■ Source material ■

= Beginning of Section =

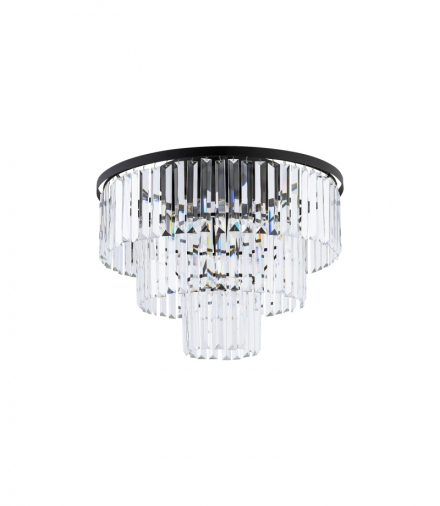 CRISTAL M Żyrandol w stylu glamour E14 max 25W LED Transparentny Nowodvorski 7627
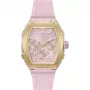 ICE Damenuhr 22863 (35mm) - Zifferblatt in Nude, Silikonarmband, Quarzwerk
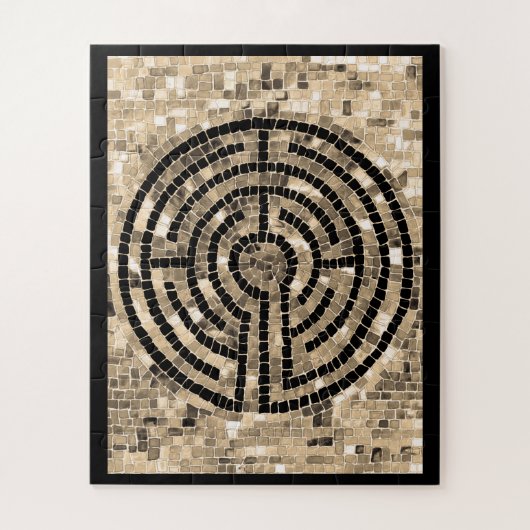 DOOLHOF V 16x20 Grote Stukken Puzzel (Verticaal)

= End of Section =
= Beginning of Section =

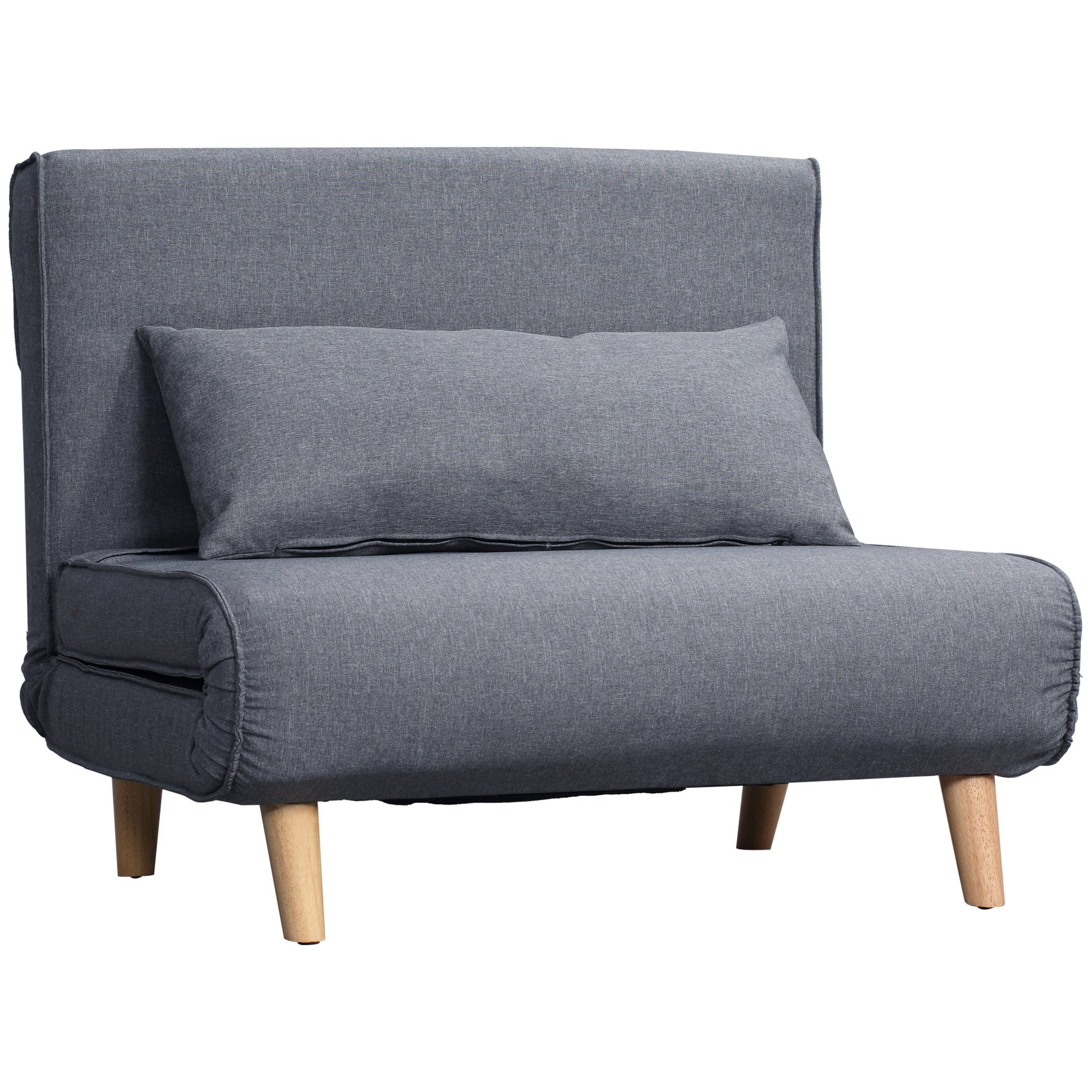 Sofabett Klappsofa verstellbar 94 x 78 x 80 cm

= End of Section =

■ Exercise objective ■
Going by the data above, give back only the lines from the one containing "CRISTAL M Żyrandol" through the one containing "DOOLHOF V 16x20", exactly as they stand, both ends included and no images.

■ Result below ■
 CRISTAL M Żyrandol w stylu glamour E14 max 25W LED Transparentny Nowodvorski 7627
 ICE Damenuhr 22863 (35mm) - Zifferblatt in Nude, Silikonarmband, Quarzwerk
 DOOLHOF V 16x20 Grote Stukken Puzzel (Verticaal)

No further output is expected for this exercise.